Published on March 7th, 2018 | by The Hezekiah Walker Show with Neicy Tribbett
Women’s History Month – Iconography of The Church Hat
The crown. The mental altar. The highest point of the body closest to the heavens. From hairstyles to head coverings, people across lands and different faiths practice grooming and celebrating this sphere of the body. If the face is what others look at in determining a first impression, the crown comes in at a close second.
No people are immune to engaging in acts of adornment, embellishment or ornamentation of the head as reflections of their culture. The heads of people in spiritual communities reflect their relationship to their environment whether the expression is big and bold or minimalist and simple.

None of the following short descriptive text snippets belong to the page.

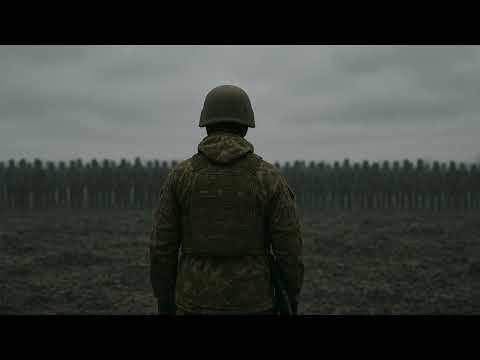 Самотній серед своїх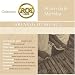 Al Son de la Marimba: Coleccion RCA 100 Anos de Musica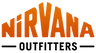 Nirvana Outfitters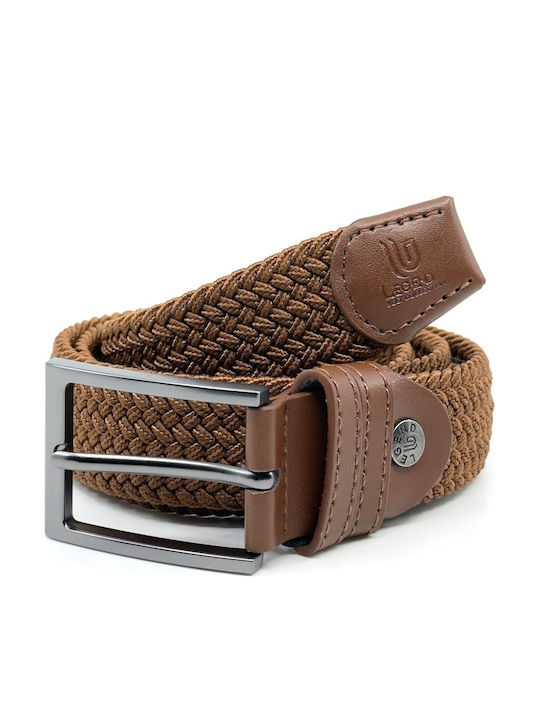 Legend Accessories Legend Accessories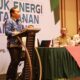 Dorong Ketahanan Pangan, Wawali Malang: Aktivis Harus Siap Jadi Petani Milenial, Bukan Sekadar Pengamat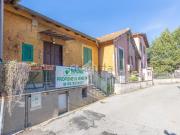 Villetta bifamiliare in vendita di 60 m² in Via Sacro...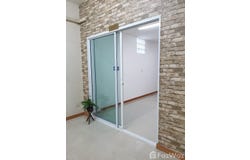 292/19 Grand Bangkok Boulevard, Talat Bang Khen, Lak Si, Bangkok, 10210 Thailand, Lak Si, 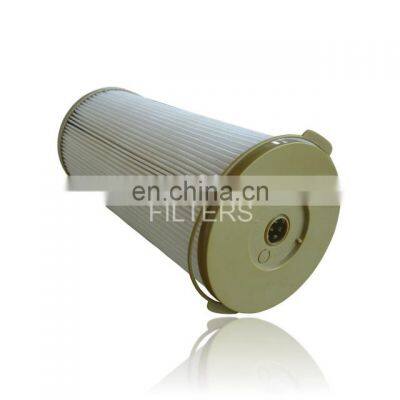 4P7384 4448737 Fuel Water Separator For Excavator photo-4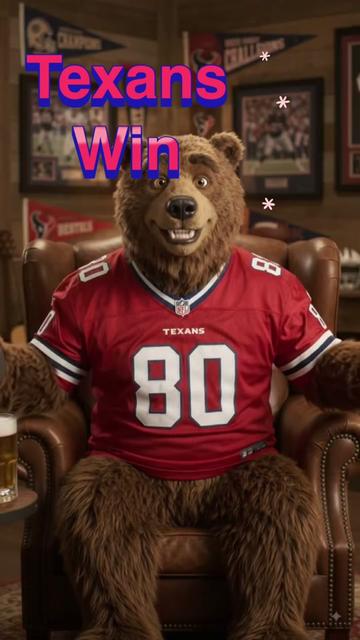 @Bear Family Shorts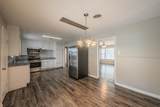 5417 Palmer Drive - Photo 7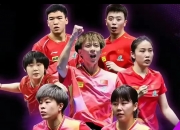 半岛体育娱乐-韩国选手勇夺冠军，梦想成真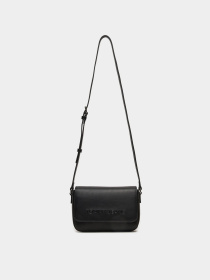 Крос-боді Tommy Hilfiger модель AW0AW16808-BDS Фото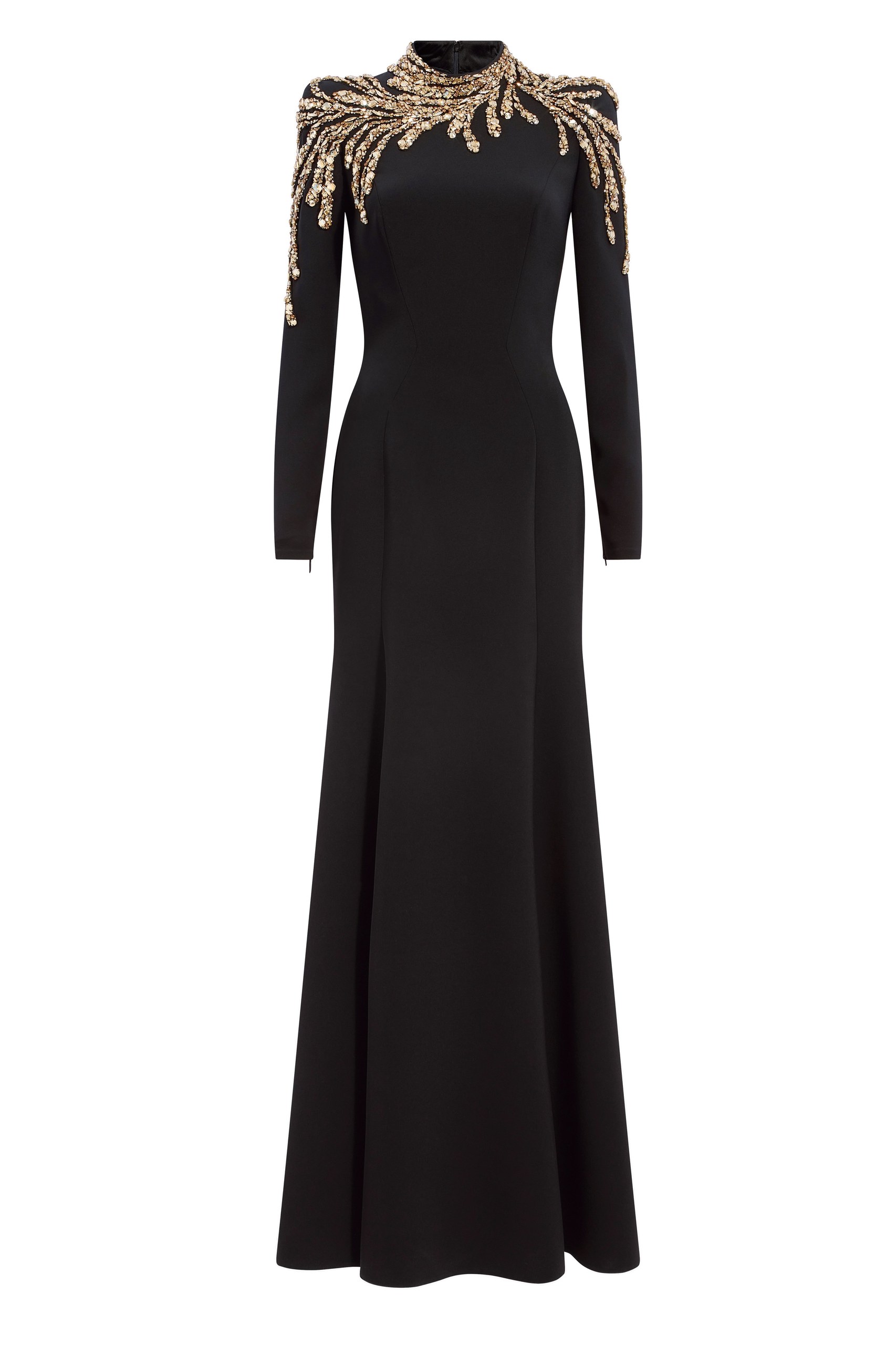 Jenny Packham Dresses Jenny Packham Viper Dress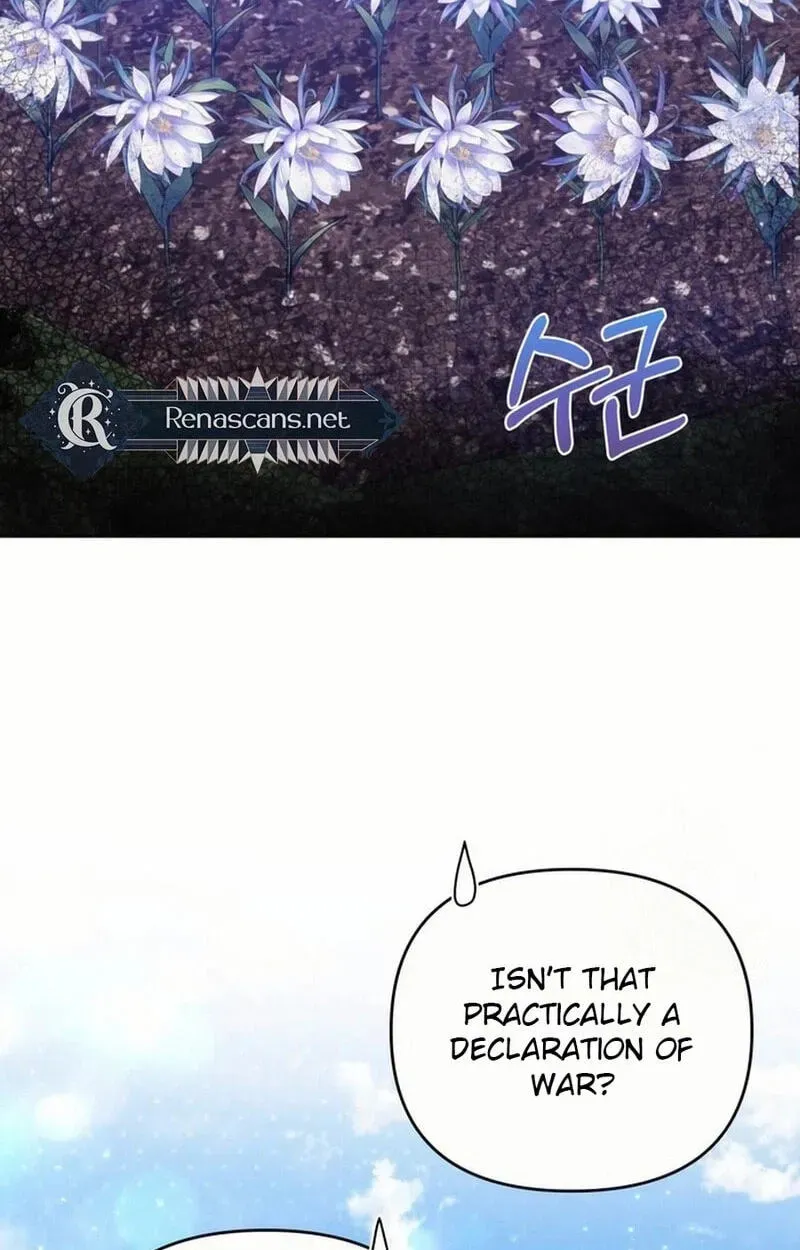Grand Duchess of the North, It's Cold Chapter 30 page 49 - 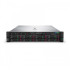 HPE ProLiant DL380 Generation 10 PLUS 2 x Intel Xeon-Silver 4314 64GB RAM 3 x HPE 2.4TB HDD Server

Under the enslavement of African people in America, head covering in a form of a simple scarf was to protect the head from harsh conditions but also to suppress cultural continuity and pride. In the case of the state of Louisiana, the laws that mandated African women to cover their elaborate hairstyles (yes it was official under the Tignon Laws) were turned upside down. As with Black people globally, the Black women of Louisiana circumvented the restrictions and made head wrapping a political, spiritual and fashionable act. Adornment was the name of the game and not only did they turn the law over on its head, but they turned heads – big time.
Whether an Egyptian donning a headdress, an Ifa initiate, or a congregant at Abyssinia Church, the covenant of Black women protecting and embellishing their crowns is historic and universally practiced. From a straw hat laced with ribbon to the elaborate custom-made headgear, Black women in America’s churches have worn them as various symbols. With the support of women like hat designer Mae Reeves in the 1940s and 50s and milliner Vanilla Beane, the hats worn by Black women in churches became an elaborate affair. Traditionally no Easter, Mother’s Day or spiritual gathering has been without this cultural statement, times change the landscape in which this custom has lived., we take this moment in celebrating women to tip our crown at the church hat.